Academics is watered down, with class time reduced for academic subjects to allow time for field trips, encounter groups to discuss feelings, and sessions with counselors about workforce choices.  Individual achievement is replaced by cooperative learning, group grading, peer tutoring, block scheduling, job shadowing, mentoring, job site visits, and horizontal enrichment.

Road to Mediocrity

Since the 1930s, there has been a gradual dumbing down of the U.S. public school curriculum with undemanding, non-academic courses and the lowering of standards for academic courses required for graduation.  In a culture of low expectations, high schools have been “selling students short” for decades, offering too many options and too many watered down courses.

In the 1960s and 1970s, many one-semester courses, designed to be highly relevant but varying in rigor and content, were offered.  Students were given academic credit for various aspects of the extracurriculum, including working on the school newspaper or yearbook.  Watered down courses such as Shop Math and Consumer Math earned credits toward graduation.

Under federal legislation of the Clinton administration following Tucker’s plan, students are required to choose a career track among a broad array of watered down courses by the end of the 8th grade and then lock into a specific trade or college path by the end of the 10th grade. 

The NCEE policy brief states that, since the 1970s, the United States has tried one failed education reform after another, including spending more than twice as much per student (after accounting for inflation) as we did then.  This long string of reforms has brought vast wealth to ed tech companies and created high-paying jobs for a bloated education administration.  And we must not forget those public officials who also profit from reform schemes.

Even with the billions spent for reform, high school student performance, whether measured by PISA or NAEP, remains stagnant. 

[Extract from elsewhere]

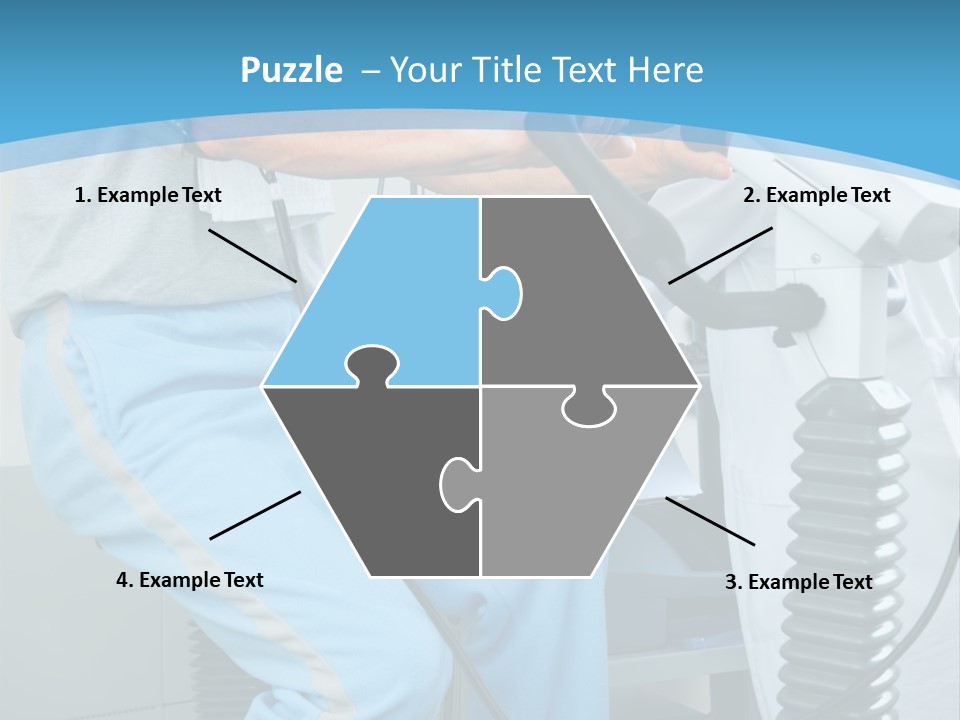 A Man And A Woman In A Gym On Exercise Bikes PowerPoint Template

In 1983, the Reagan administration’s manifesto, “A Nation at Risk,” jolted public awareness about the education crisis.  Then followed federal legislation that gave us Goals 2000, No Child Left Behind, and the Every Student Succeeds Act (ESSA), all of which were supposed to “reform” our decaying education system.  Yet the quality of public schools has worsened significantly as radical leftist ideology takes precedence over education. 

With social justice issues and trendy courses consuming so much class time, there is little time for academic learning.  Often the content is developmentally inappropriate, and long since failed liberal methodology is used.  The unconstitutional federal ESSA, which codified Common Core, has shifted the primary purpose of education to social and emotional learning, with academic learning pushed down to second place.

Consequences for American economy

Tucker will never believe that his grandiose scheme has been a major factor in the deplorable state of American education.  His public reaction to the results of the NCEE study showed that he was convinced — as liberal reformers are wont to do — that the plan is working but needs some tweaking.

Students are not being broadly and deeply educated to be adaptable to the ongoing rapidly changing job market.  Instead, American education from primary through college is focused on teaching skills that will  mostly be automated in the future. 

If our constitutional republic is to survive, we must be able to compete successfully in a 21st-century global market of automation.  That requires preparing students not only for the lower skill levels of new jobs, but for even greater numbers of high-skill jobs. 

To successfully prepare students for flexibility in a rapidly changing marketplace, our nation must return to capitalism with traditional classic learning and away from a centrally planned economy with workforce training.

Getting big business and reformers, who are fleecing billions from taxpayers with their schemes, out of our schools must be a high priority as well.